Bernhard's main protagonists, often scholars or, as he calls them, Geistesmenschen, denounce everything that matters to the Austrian in contumacy-filled tirades against a "stupid populace". He also attacks the state, generally-respected institutions such as Vienna's Burgtheater, and much-loved artists. His work also continually deals with the isolation and self-destruction of people striving for an unreachable perfection, since this same perfection would mean stagnancy and therefore death. Anti-Catholic rhetoric is not uncommon.
"Es ist alles lächerlich, wenn man an den Tod denkt" was his comment when he received a minor Austrian national award in 1968, which resulted in one of the many public scandals he caused over the years and which became part of his fame. His novel Holzfällen, for instance, could not be published for years due to a defamation claim by a former friend. Many of his plays—above all Heldenplatz —were met with criticism from many Austrians, who claimed they sullied Austria's reputation. One of the more controversial lines called Austria "a brutal and stupid nation... a mindless, cultureless sewer which spreads its penetrating stench all over Europe." Heldenplatz, as well as the other plays Bernhard wrote in these years, were staged at Vienna's famous Burgtheater by the controversial director.

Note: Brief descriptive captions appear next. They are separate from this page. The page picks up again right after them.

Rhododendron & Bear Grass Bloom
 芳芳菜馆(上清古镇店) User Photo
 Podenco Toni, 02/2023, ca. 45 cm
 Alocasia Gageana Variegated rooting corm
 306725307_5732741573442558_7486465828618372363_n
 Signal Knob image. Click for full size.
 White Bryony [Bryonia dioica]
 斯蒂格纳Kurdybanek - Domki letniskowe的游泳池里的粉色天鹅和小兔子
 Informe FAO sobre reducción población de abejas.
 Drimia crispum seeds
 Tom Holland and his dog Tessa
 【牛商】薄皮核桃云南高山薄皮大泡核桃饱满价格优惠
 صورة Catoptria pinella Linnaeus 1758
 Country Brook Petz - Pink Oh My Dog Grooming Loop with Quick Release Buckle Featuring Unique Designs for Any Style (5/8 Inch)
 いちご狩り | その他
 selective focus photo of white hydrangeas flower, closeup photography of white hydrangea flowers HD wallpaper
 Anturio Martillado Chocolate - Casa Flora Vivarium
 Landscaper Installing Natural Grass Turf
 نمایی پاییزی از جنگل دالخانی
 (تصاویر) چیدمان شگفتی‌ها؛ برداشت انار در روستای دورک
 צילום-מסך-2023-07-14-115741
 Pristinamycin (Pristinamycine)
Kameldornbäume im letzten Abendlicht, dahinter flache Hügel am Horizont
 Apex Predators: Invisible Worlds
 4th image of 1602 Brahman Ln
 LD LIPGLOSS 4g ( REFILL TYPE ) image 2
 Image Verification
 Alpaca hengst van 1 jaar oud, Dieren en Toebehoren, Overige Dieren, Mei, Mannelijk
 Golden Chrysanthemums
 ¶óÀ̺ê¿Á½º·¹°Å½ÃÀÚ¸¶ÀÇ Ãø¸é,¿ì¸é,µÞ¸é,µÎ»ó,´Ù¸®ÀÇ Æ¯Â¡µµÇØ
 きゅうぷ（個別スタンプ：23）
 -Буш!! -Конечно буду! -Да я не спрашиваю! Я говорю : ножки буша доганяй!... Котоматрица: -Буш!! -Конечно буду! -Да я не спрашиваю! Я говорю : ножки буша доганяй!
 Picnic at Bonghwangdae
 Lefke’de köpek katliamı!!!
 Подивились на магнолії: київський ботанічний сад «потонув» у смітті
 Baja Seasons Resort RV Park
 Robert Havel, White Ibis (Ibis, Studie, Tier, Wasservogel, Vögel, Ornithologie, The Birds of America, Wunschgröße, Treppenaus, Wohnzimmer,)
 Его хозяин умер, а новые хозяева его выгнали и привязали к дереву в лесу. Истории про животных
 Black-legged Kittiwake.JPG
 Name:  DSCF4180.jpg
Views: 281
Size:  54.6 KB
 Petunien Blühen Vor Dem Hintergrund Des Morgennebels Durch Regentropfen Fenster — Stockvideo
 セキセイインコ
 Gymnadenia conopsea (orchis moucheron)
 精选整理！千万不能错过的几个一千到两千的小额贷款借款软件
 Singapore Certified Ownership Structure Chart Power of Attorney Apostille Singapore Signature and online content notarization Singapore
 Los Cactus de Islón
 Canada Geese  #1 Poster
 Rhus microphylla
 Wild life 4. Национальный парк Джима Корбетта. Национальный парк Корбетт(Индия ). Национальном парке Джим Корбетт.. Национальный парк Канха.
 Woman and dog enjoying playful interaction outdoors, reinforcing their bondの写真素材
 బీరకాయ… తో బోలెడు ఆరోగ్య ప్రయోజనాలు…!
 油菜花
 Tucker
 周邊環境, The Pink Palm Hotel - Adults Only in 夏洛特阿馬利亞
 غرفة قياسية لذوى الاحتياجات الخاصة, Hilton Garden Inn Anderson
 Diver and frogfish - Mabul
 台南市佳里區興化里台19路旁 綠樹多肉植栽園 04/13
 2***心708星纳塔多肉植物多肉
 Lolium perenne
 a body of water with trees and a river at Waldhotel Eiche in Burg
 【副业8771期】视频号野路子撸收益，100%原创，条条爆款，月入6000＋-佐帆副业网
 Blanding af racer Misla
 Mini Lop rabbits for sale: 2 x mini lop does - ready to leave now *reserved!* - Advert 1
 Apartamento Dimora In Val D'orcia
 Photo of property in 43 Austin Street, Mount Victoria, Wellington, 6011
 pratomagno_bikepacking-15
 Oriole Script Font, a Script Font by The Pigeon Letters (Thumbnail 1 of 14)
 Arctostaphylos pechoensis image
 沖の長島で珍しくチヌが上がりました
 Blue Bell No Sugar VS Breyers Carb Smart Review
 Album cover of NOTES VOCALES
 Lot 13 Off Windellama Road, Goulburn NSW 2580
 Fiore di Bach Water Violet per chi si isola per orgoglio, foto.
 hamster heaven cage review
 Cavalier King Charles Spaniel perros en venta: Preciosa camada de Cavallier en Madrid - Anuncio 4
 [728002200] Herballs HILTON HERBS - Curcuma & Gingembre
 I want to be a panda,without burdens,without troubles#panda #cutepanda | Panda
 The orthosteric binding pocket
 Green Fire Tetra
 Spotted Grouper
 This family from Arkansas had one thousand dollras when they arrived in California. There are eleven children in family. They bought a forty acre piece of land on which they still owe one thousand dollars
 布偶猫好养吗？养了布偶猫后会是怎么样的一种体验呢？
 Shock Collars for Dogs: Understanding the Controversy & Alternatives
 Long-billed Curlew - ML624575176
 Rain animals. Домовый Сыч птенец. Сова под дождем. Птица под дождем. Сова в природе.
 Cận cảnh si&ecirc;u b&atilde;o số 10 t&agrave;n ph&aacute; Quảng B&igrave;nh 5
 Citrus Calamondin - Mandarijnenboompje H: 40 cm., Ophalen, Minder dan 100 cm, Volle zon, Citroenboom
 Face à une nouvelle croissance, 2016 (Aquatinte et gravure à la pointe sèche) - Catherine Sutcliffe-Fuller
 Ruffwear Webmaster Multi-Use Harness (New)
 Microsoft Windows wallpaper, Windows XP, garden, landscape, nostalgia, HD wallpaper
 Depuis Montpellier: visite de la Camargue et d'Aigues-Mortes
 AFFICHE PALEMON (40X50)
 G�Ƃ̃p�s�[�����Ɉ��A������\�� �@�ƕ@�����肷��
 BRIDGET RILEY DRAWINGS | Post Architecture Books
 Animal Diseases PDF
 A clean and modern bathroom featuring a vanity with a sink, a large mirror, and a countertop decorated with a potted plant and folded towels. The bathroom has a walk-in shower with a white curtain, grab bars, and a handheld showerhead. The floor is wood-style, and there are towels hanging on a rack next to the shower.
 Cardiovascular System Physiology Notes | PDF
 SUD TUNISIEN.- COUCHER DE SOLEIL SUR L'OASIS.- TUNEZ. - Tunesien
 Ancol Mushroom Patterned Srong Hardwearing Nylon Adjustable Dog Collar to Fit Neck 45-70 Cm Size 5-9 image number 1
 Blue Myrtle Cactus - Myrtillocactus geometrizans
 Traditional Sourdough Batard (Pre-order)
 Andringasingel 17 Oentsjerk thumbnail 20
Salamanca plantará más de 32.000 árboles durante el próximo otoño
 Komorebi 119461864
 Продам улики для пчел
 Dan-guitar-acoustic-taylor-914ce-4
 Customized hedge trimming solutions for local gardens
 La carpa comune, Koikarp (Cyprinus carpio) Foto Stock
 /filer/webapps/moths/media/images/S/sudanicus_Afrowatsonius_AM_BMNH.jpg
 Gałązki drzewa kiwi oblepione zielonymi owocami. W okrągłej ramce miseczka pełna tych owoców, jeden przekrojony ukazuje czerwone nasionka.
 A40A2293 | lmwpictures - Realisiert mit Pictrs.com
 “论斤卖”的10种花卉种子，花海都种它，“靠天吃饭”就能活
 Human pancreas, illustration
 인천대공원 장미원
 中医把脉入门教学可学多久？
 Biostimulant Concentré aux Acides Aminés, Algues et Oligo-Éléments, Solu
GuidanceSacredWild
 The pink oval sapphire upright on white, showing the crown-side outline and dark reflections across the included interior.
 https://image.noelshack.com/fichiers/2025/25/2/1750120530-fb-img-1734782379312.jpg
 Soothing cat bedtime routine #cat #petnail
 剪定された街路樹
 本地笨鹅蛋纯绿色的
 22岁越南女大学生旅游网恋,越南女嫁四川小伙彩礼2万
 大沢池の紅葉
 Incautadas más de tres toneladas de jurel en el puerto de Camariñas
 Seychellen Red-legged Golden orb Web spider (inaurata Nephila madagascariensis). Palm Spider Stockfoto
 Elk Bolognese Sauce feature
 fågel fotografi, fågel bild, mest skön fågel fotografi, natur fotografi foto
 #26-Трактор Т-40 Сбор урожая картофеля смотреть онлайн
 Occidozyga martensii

Even in death Bernhard caused disturbance by his, as he supposedly called it, literary emigration, by disallowing all publication and stagings of his work within Austria's borders. The International Thomas Bernhard Foundation, established by his executor and half-brother Dr. Peter Fabjan, has since made exceptions, although the German firm of Suhrkamp remains his principal publisher.
The correspondence between Bernhard and his publisher Siegfried Unseld from 1961 to 1989 – about 500 letters – was published in December 2009 at Suhrkamp Verlag, Germany.